INFORMATION SUPPLIED

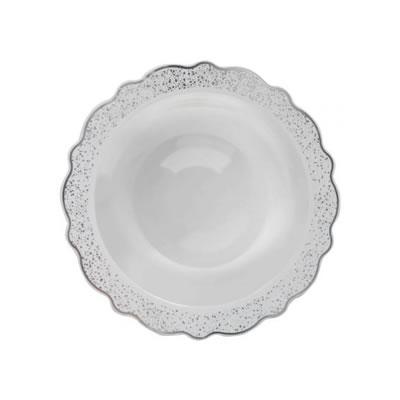 White and Silver Round Plastic Plates - Confetti - Pro Linens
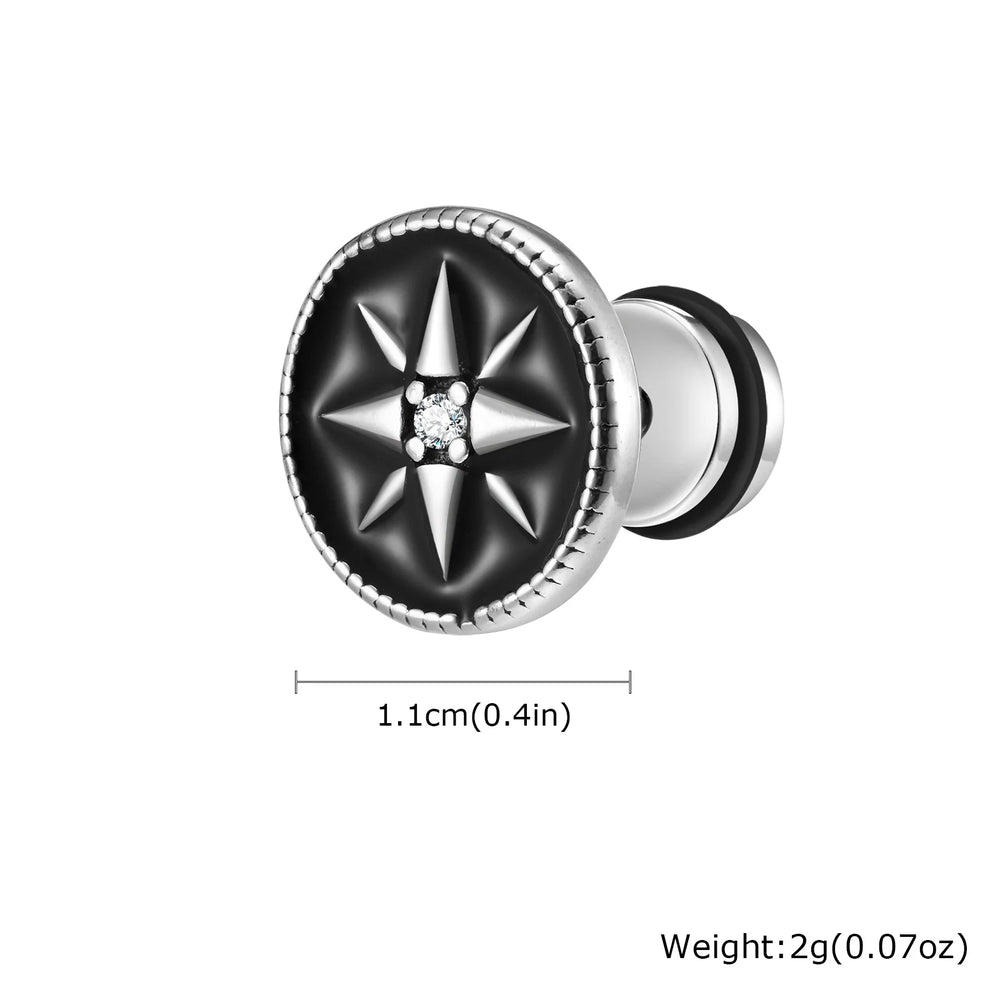 Vintage Gothic Norse Viking Stud Earrings for Men Boys, Rock Punk Runes Round Earring lifestyle view
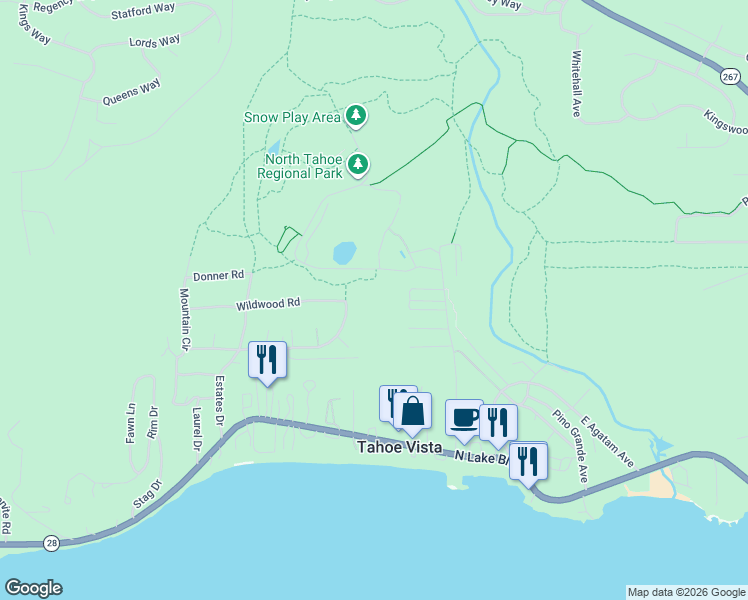 map of restaurants, bars, coffee shops, grocery stores, and more near in Tahoe Vista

TASK DIRECTIONS
Reproduce the material above in full, exactly, with no images.

ANSWER TO THE EXERCISE
 White and Silver Round Plastic Plates - Confetti - Pro Linens
 Vintage Gothic Norse Viking Stud Earrings for Men Boys, Rock Punk Runes Round Earring lifestyle view
 map of restaurants, bars, coffee shops, grocery stores, and more near in Tahoe Vista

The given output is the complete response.